En attendant, et comme je l’ai écrit à plusieurs reprises, le projet sioniste poursuivra ses exactions sans que les autres États du monde ne prennent la moindre mesure pour en renverser le cours. L’annexion passera simplement d’une situation de fait à une normalisation qui permettra à ce régime d’apartheid d’étendre encore ses frontières. Ce ne sera qu’une étape supplémentaire dans la conquête sioniste. L’archipel palestinien se réduira d’autant. Et après quelques semaines de turbulences les choses rentreront dans l’indifférence habituelle puis l’oubli, la période estivale tombant à point nommé.
L’étape suivante sera sans doute la tentative d’édification du nouveau Temple en lieu et place de la mosquée al-Aqsa fragilisée par d’incessants travaux de fouilles sous prétextes ‘archéologiques’, dans une Jérusalem déjà unifiée et dont, comme pour le reste, les mêmes qui aujourd’hui s’opposent à l’annexion par pétitions médiatisées, n’ont jamais levé le petit doigt dans les faits. Et lors des prochaines élections aux USA, pas plus une nouvelle administration démocrate que l’actuelle républicaine ne changeront quoi que ce soit à l’inconditionnel soutien US aux criminels sionistes.

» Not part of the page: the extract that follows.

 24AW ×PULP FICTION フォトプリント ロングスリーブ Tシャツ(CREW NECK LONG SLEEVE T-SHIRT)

Le monde tourne ainsi. Seule la loi du plus fort prévaut. Tout le reste n’est qu’un immense bluff, une pathétique comédie, une imposture magistrale. Mais, avec les outils de communication actuels, malgré quantité d’intox, de plus en plus de citoyens l’ont compris. Aucun de nos responsables politiques n’est à la hauteur morale d’une Justice digne de ce nom. Leur plan de carrière est leur seule boussole.

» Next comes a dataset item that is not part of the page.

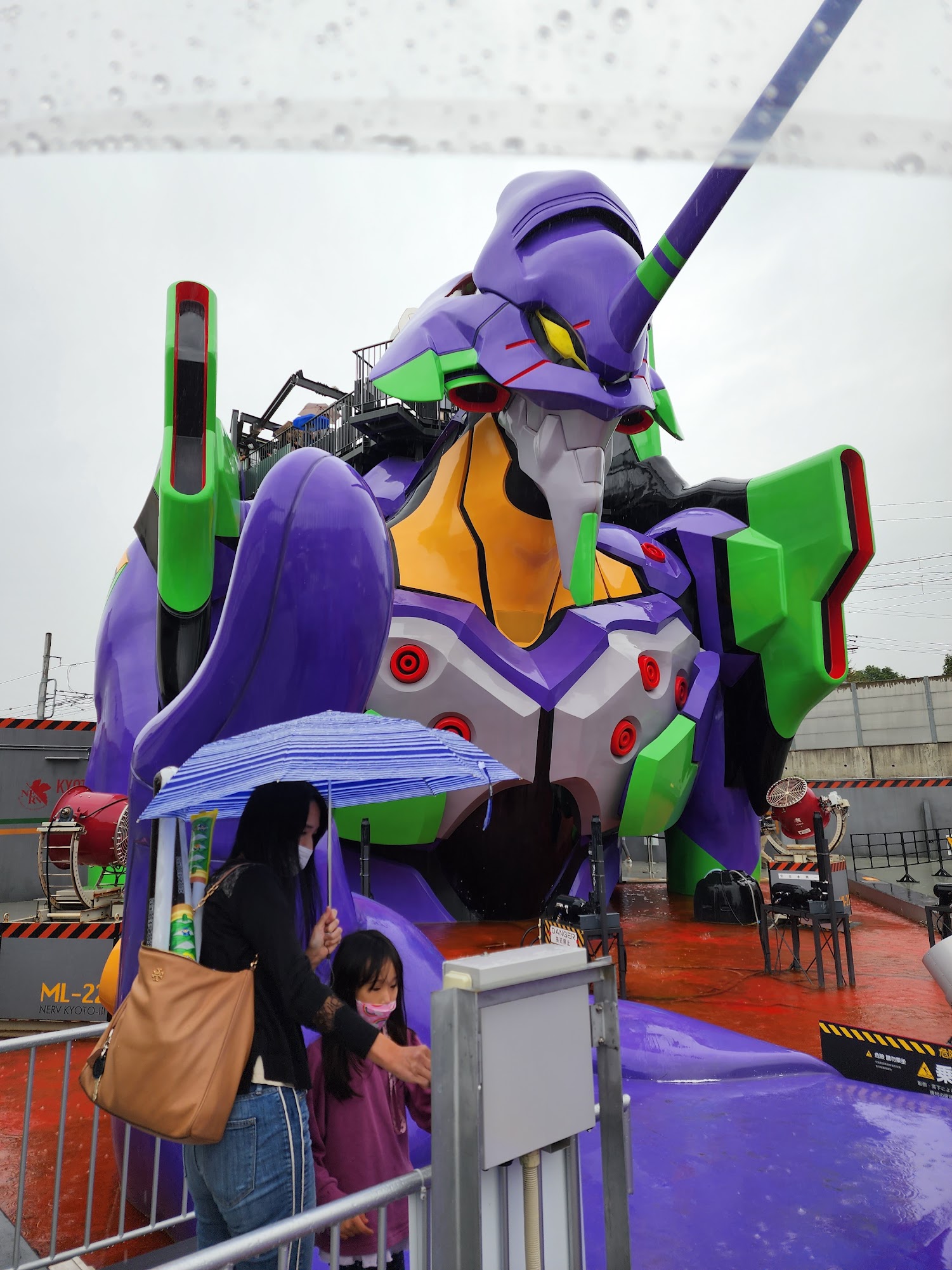 probably about 30 feet high! evangelion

Le peuple palestinien – pas ses actuels représentants ! – et leurs soutiens effectifs à l’international l’ont également compris et se moquent désormais des discours des uns et des autres, y compris ceux d’associations et de militants qui prônent encore une solution à deux Etats, signe qu’ils n’ont pas intégré les changements de paradigmes en cours. Aussi, l’Axe de la Résistance a pris son temps pour fourbir et accumuler des armes de plus en plus précises et sophistiquées. Le moment de la confrontation et de la reconquête approche.

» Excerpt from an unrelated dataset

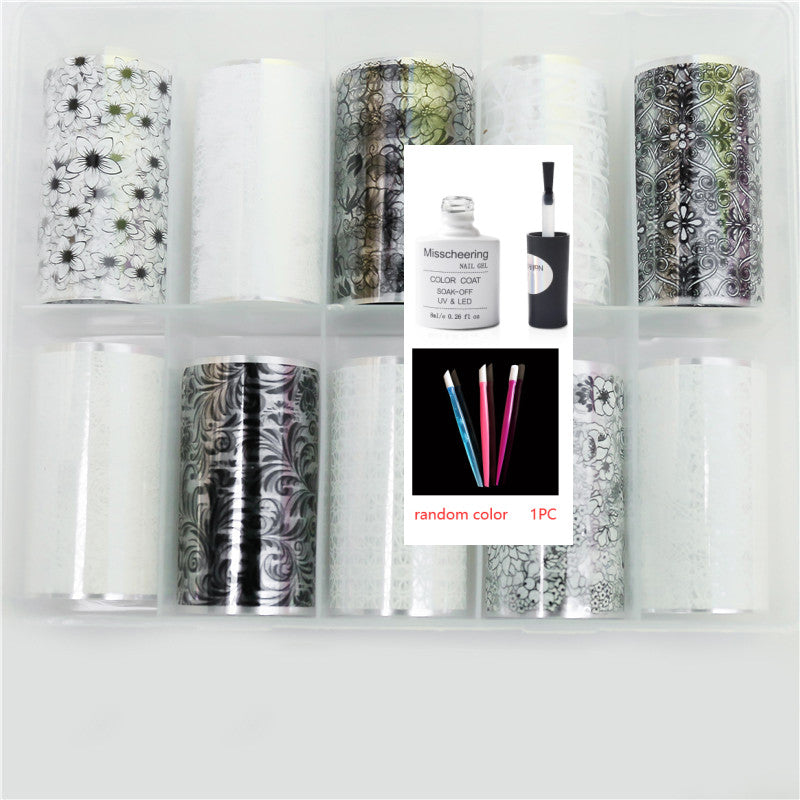 Nail Art Transfer Foils Set Of 12 - NJPH Best Selling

Si de lourds nuages assombrissent le ciel de la région, la Palestine historique retrouvera bientôt ses frontières d’antan et la colonie israélienne n’aura été qu’un épisode tragique mais éphémère dans le déroulement de l’Histoire. Dont la seule vérité qui devrait animer toute âme noble doit être : sans vraie justice, pas de paix !
1e juillet 2020 – Transmis par l’auteur.